Full disclosure: I've never altered a card. Except for the one time when I bought a 71 Bazooka Numbered, which was hand cut. The cut job was bad, so I cleaned it up.

And I would argue that alteration is completely acceptable, without needing to be disclosed to a potential buyer. It's still in my PC, so I haven't sold it. But I will have no problem someday selling it without disclosing my hack job to the buyer.
Perhaps you could reasonably draw a line at trimming hand-cut cards, because the borders are only ever defined by an end-user who tears or otherwise takes scissors to a factory sheet of some sort. You might be able to carve out an exception there without going down a slippery slope, because third-party graders even disclose the inevitable alteration right there on the label: "Hand Cut."

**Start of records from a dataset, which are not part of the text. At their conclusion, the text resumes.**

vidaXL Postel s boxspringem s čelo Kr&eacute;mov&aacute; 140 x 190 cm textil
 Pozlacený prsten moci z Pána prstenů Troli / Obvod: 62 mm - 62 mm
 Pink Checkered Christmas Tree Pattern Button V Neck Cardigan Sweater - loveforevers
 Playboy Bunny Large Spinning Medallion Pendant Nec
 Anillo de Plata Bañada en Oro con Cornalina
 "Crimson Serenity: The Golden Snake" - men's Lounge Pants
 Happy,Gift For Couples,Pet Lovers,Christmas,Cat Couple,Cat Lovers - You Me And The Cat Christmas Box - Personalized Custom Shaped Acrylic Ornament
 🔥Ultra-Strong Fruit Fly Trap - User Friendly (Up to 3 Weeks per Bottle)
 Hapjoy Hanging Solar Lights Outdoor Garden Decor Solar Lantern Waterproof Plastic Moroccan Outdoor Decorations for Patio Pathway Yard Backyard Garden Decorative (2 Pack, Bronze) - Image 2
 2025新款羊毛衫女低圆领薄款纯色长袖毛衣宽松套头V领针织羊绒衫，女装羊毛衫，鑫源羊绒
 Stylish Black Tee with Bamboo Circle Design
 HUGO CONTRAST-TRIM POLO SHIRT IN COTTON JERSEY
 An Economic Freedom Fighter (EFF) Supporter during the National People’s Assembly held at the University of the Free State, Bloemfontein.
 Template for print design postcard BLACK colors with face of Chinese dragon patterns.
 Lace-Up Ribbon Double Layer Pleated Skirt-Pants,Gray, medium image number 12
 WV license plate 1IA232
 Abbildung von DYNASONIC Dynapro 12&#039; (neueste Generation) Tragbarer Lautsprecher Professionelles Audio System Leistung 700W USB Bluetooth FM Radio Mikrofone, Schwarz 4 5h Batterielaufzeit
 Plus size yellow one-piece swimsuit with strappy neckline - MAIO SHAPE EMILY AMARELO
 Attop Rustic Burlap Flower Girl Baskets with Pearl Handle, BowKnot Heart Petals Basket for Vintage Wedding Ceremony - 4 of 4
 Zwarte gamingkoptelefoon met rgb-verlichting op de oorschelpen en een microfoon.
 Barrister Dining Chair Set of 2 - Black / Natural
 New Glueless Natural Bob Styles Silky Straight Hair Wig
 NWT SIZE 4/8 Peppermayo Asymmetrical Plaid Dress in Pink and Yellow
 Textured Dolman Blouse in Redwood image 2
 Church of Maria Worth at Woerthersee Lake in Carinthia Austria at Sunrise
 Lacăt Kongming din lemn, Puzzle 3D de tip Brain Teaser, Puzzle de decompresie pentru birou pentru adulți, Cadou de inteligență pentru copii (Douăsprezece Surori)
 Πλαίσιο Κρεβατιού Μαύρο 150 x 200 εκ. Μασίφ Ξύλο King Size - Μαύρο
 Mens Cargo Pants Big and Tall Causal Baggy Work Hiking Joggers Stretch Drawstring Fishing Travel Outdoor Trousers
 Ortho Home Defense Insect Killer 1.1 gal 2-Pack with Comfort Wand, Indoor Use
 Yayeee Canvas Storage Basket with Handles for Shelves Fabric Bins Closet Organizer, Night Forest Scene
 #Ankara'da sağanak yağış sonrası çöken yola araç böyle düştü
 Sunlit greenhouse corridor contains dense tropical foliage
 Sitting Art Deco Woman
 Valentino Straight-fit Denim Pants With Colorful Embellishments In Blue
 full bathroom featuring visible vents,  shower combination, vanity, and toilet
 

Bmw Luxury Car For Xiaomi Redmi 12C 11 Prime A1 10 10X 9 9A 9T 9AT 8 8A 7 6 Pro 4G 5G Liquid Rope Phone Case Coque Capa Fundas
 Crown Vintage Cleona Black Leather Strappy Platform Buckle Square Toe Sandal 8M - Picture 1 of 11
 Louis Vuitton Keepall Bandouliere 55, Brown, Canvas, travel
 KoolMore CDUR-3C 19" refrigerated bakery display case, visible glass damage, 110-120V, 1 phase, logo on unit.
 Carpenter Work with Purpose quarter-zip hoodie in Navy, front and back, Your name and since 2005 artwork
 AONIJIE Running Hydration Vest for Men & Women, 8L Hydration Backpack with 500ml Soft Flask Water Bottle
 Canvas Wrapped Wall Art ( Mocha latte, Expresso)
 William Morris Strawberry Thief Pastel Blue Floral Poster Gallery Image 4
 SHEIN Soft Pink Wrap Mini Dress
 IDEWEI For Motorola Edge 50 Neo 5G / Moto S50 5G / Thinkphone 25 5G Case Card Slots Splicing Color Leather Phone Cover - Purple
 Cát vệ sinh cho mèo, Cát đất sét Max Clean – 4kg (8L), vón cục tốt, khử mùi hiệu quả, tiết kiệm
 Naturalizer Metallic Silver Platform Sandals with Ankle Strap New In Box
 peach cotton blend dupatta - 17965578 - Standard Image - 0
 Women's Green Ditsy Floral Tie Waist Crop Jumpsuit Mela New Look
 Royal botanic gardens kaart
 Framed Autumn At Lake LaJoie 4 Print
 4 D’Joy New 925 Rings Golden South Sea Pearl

You can draw a sharp line at changing the size of a card that came from a factory and that was not distributed direct to consumers with dotted lines or borders or perforations.

Personally, I'd also draw a sharp line at adding any chemicals to the card, including water. To put that in context, I'd concede that soaking probably doesn't do longterm damage to some cards, and I probably own soaked T206s without knowing it. But we add shades of gray when a card cleaner decides to use tap water or starts messing around with Kurt's secret, proprietary "water-like" formula.

Frankly, I wouldn't trust a stranger with a financial interest in changing a card's appearance without detection to be the final arbiter of what an objectively acceptable soak looks like. Travis' comments here illustrate the point. Letting card doctors decide what counts as doctoring is like letting the fox guard the proverbial henhouse.